Greetings, The Friday Whine is a casual email to friends and colleagues and contains three things: An ethics update, a legal profession update, and wine recommendation. If you see text in blue, it is a link to an article or information.
Who’s The Client?
This is usually a basic question, but when issues of attorney client privilege come in to play, it’s sometimes difficult. Is your client the CEO, the company, the insurance company, the President of The United States?
Jefferson Beauregard Sessions, the Attorney General of the United States, is unclear as to who is his client, but I’m here to help him.
It’s not the President, usually.
“The Attorney General represents the United States in legal matters generally and gives advice and opinions to the President and to the heads of the executive departments of the Government when so requested.”
Jefferson Beauregard Sessions’ client is the people of the United States of America. Like all the people. Every one of them. He is the chief law enforcement officer in the country. He is representing the rule of law as it applies to the people of the United States.
Sounds ambiguous, but that’s his client.
It’s not Donald Trump, unless Donald Trump is asking for legal advice or legal opinions. General conversations with the President don’t count, and his testimony last week stating that he could not answer questions because he was protecting the President because he may invoke Executive Privilege, is clever, but weak. He’s basically saying that the President may be his client for this purpose, and if he is, he needs to waive the privilege.
But the question is whether the President can establish an attorney client privilege with the Attorney General, and under what circumstances. We already know that Janet Reno testified before Congress to conversations she had with Bill Clinton.
I wish I knew.
We may find out.
The Policy Isn’t Important
One of my “secrets*” (*there are no secrets) to practicing law is that I learn about the business side of running a practice from people who don’t practice law.
Lawyers, or former lawyers who give advice, usually give crappy advice about the business side of the practice. I like to take advice from those who are in different industries. We as lawyers are in customer service, so there’s plenty of those types of businesses around, and many who do things better than law firms.
I also like to spend my vacation time watching how businesses interact with customers. I take these observations and use them in my practice.
Like when I checked in to a hotel this week.
Early check-in was requested. When I arrived with my family, after a long flight, the room wasn’t ready. This happens, and it’s understandable. But it was annoying, as we wanted to clean up, change clothes, and just have a place to rest for a while.
We explained to the hotel that we had requested early check in, had flown a long way and would appreciate any accommodations. The response was not arrogant or rude, but a nice “normal check in is at 3 p.m.”
I know this.
This is the reason early check-in was requested.
I was tired, wanted to change clothes, and wanted to get settled.
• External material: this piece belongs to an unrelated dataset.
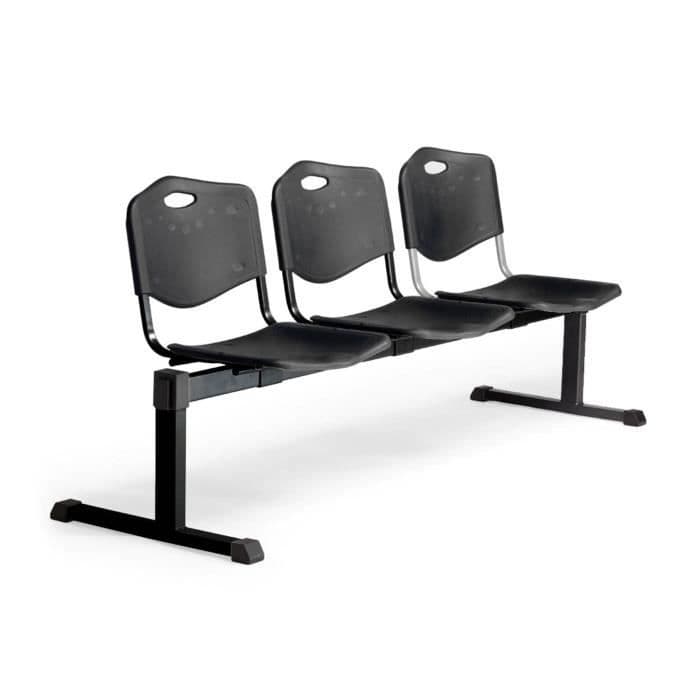 Väntarbänk med tre säten och struktur i svart järn - Sits och rygg i svart PVC Piqueras y Crespo Pozohondo modell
I didn’t need to hear the “rules” or the “policy.”
Here’s what I needed to hear:
“We see that you requested early check-in, and we’re sorry that your room is not ready. We have a lesser quality room we can give you (not a chance we would take it) and we see that you came a long way to stay here, so why don’t you go enjoy breakfast (complementary anyway) and unless you want the lesser quality room, we’ll try to get this done as soon as we can. We’ve contacted housekeeping and put this as a priority. If your room is not ready by the end of breakfast, please let us know where you would like to go today and we’ll see if we can assist you with any reservations or tickets. Here’s a few bottles of water, and when you go to dinner tonight, please enjoy a drink on us at the hotel bar before you eat.”
That sounds a lot better than “normal check in is at 3 p.m.”
Clients know, generally, the way things work. They didn’t hire you to hear the rules and the law. They hired you because you said something in the initial consultation that indicated you give a crap about their problem.
When you were initially consulted, you didn’t simply tell them the law and the way the courts work, you told them that you would do everything you could to help them – you gave them the sense that you cared about their issue(s).
Anyone can tell someone the law and the policies. When people have a problem, they are looking for someone who cares about their problem and offers possible solutions. Knowing the law, telling clients the “policies” doesn’t make a client feel like their issue matters. If all you’re going to do is tell your potential and currently clients about “the law” and “policies,” you might as well just give them a book to read.
I Had This For Father’s Day
I went to Finca Torremilanos this week, an outstanding winery in the Ribera del Duero region of Spain.
The good news is you don’t have to go there to try their wines, you can pick up a variety of them at Sunset Corners. I highly recommend this one.
When I say “highly recommend,” I mean if there’s some left, I will probably grab it all when I get back.